[Opening Study material section]

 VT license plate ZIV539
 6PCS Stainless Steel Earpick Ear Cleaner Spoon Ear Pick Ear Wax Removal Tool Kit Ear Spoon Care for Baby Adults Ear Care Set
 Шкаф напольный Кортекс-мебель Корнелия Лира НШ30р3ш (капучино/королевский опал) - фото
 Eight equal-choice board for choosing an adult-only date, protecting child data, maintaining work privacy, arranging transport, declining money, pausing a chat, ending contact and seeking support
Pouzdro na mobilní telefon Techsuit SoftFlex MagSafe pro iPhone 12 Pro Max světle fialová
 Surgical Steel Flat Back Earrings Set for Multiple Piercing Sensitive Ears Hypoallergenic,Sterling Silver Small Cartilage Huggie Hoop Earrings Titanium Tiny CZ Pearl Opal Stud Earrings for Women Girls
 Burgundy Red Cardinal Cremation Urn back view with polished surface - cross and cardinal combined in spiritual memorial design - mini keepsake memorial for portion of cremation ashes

[Closing Study material section]
[Opening Study material section]

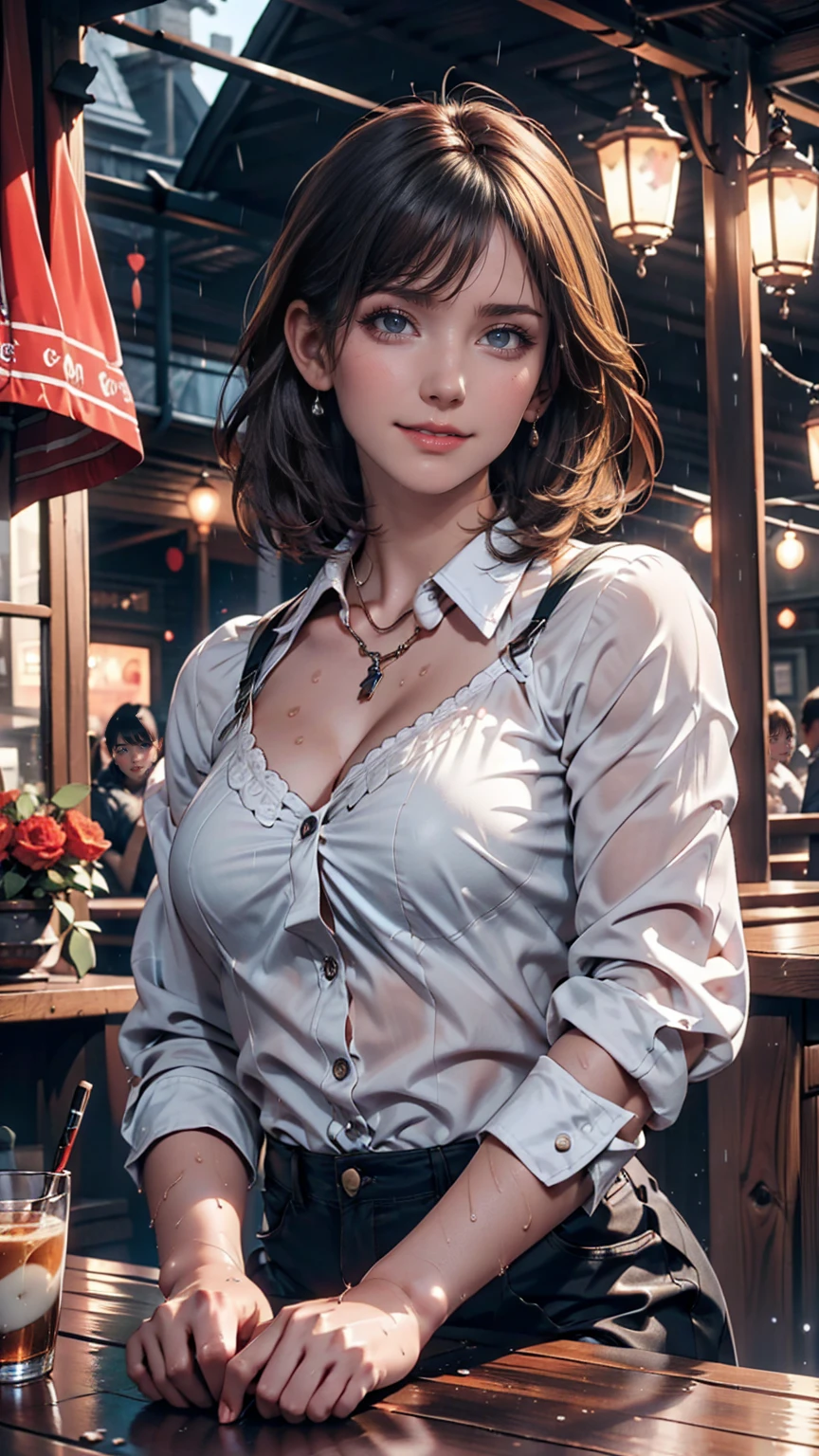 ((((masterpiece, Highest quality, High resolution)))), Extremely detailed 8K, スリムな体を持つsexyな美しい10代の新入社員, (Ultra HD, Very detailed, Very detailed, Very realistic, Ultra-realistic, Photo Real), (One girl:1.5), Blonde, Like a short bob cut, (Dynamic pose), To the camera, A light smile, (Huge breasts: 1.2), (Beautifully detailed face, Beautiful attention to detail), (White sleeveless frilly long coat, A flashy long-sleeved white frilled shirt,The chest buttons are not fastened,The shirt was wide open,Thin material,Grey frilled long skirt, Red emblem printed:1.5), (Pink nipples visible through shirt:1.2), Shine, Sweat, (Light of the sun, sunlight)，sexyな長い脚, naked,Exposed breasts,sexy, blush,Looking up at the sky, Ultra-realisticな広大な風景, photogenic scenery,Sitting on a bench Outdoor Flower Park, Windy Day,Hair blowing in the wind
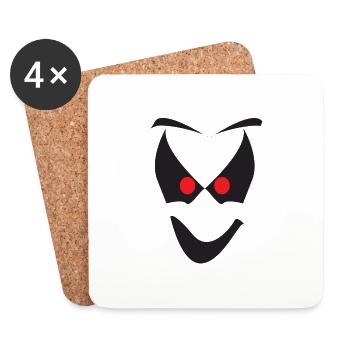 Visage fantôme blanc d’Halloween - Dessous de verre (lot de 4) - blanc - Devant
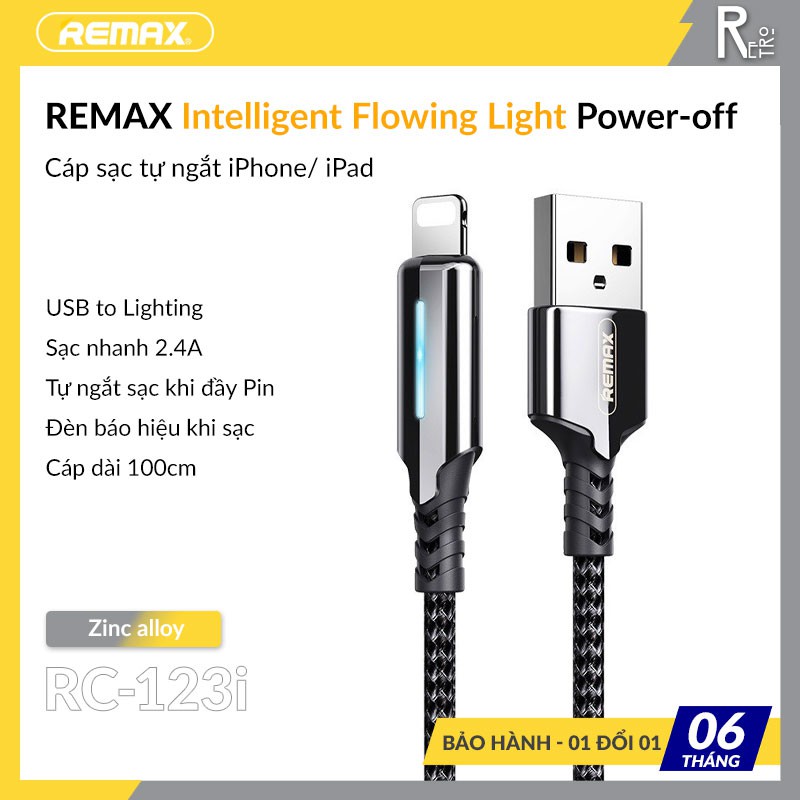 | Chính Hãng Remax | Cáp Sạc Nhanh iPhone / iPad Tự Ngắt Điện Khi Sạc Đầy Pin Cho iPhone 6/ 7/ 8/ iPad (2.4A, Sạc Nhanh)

[Closing Study material section]
[Opening Study material section]

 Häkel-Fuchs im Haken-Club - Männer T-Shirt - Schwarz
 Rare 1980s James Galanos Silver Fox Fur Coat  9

[Closing Study material section]

■ **Directions**: Among the entries above, find every line holding "Silver" and copy it.

■ **Exercise result**:
 Surgical Steel Flat Back Earrings Set for Multiple Piercing Sensitive Ears Hypoallergenic,Sterling Silver Small Cartilage Huggie Hoop Earrings Titanium Tiny CZ Pearl Opal Stud Earrings for Women Girls
 Rare 1980s James Galanos Silver Fox Fur Coat  9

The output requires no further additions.